On June 17, 2008, President Bush signed into law the Heroes Earnings Assistance and Tax Relief Act of 2008 (the HEART Act). The HEART Act includes sweeping legislation covering certain individuals who expatriate after June 17, 2008. These provisions were enacted to discourage U.S. citizens and long-term residents from expatriating for tax purposes – a practice that had become popular among some high-net-worth individuals owning substantially appreciated property. The HEART Act accomplishes this goal by causing immediate and significant U.S. income tax consequences, as well as estate and gift tax consequences for certain individuals who expatriate.
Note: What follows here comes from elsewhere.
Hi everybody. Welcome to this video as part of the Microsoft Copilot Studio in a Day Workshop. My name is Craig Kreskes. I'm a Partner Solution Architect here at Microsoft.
The new law applies only to “covered expatriates.” The HEART Act defines an expatriate as (1) a U.S. citizen who relinquishes his or her citizenship, or (2) a long-term resident of the U.S. who ceases to be a lawful permanent resident of the U.S. A covered expatriate is an expatriate who meets one of these three criteria:
- has an average annual net income for the five previous taxable years of more than $139,000 (adjusted annually for inflation),
- has a net worth of $2,000,000 or more on the date of expatriation, or
- has failed to comply with all U.S. tax obligations for the preceding five years.
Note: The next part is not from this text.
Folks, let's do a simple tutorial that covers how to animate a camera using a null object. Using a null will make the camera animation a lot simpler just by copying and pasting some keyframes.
Income Tax Consequences under the HEART Act
Under prior law, an individual who expatriated from the U.S. was subject to an alternate U.S. income tax reporting system for a ten year period from the date of expatriation. The HEART Act, however, replaces the ten year reporting requirements with a new set of mark to market rules that are codified in Section 877A of the Internal Revenue Code (the Code). The new mark to market rules treat the covered expatriate as having a deemed sale of his worldwide assets on the day prior to expatriation. Thus, the covered expatriate will have to recognize gain or loss on all his property on the day prior to expatriation for U.S. income tax purposes.
The HEART Act does exempt, however, the first $600,000 of net gain (adjusted annually for inflation) that would be includible in gross income from the mark to market rules. Additionally, the mark to market rules will not apply to certain deferred compensation, deferred compensation retirement accounts, and any interest in a nongrantor trust (exempt property). Exempt property is subject to its own special set of rules. For example, deferred compensation is subject to a withholding tax of 30 percent of any taxable payment and nongrantor trusts are subject to a withholding tax of 30 percent of any taxable distribution.
The HEART Act further allows a covered expatriate to elect to defer the tax from the deemed sale until the earlier of (1) the due date of the return for the taxable year in which the property is disposed of, or (2) the due date of the return for the year of the expatriate’s death. The deferral election comes with a price: a covered expatriate must provide adequate security, i.e., a bond or letter or credit, and pay interest equal to the interest rate applicable to underpayments (currently 5 percent). Further, once the election is made it is irrevocable and the covered expatriate must make an irrevocable waiver of any right under any U.S. treaty that would preclude assessment or collection of the tax.
U.S. Estate and Gift Tax Consequences under the HEART Act
The HEART Act also imposes a tax on a U.S. citizen or long-term resident for any “covered gift or bequest” from a covered expatriate. The tax also applies to “covered gifts and bequests” to domestic and foreign trusts. These provisions are codified in Section 2801 of the Code.
For estate and gift tax purposes, a covered gift or bequest includes all gifts and bequests above the annual exclusion (currently $12,000) other than (1) gifts shown on a timely filed U.S. gift tax return, (2) any property included in the covered expatriate’s gross estate and reported on a timely-filed U.S. estate tax return, and (3) any property that would be eligible for an estate or gift tax charitable or marital deduction if the donor were a U.S. citizen.